(INPUT DATA Opens)

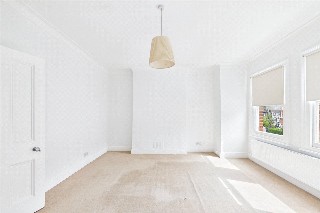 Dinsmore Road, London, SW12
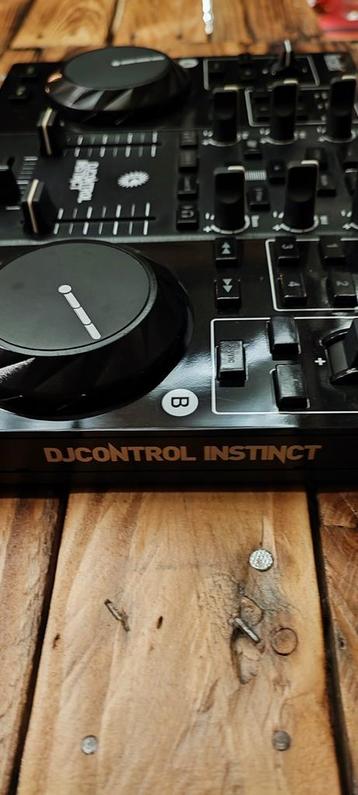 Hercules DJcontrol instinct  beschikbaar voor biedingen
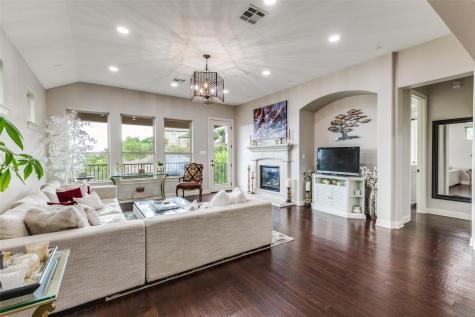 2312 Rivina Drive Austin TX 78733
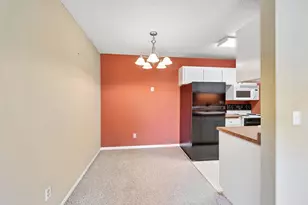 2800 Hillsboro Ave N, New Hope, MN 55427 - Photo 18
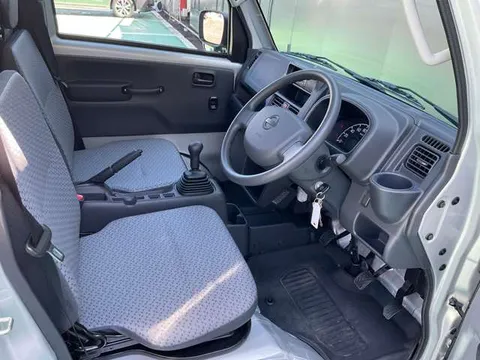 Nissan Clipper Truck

(INPUT DATA Closes)
(INPUT DATA Opens)

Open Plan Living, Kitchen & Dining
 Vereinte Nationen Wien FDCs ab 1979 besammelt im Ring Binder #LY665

(INPUT DATA Closes)

- [WHAT IS BEING ASKED] Only the lines above from the one containing "2800 Hillsboro Ave" through the one containing "Nissan Clipper Truck" should be returned, verbatim and inclusive, with pictures excluded.

- [ANSWER BELOW]
 2800 Hillsboro Ave N, New Hope, MN 55427 - Photo 18
 Nissan Clipper Truck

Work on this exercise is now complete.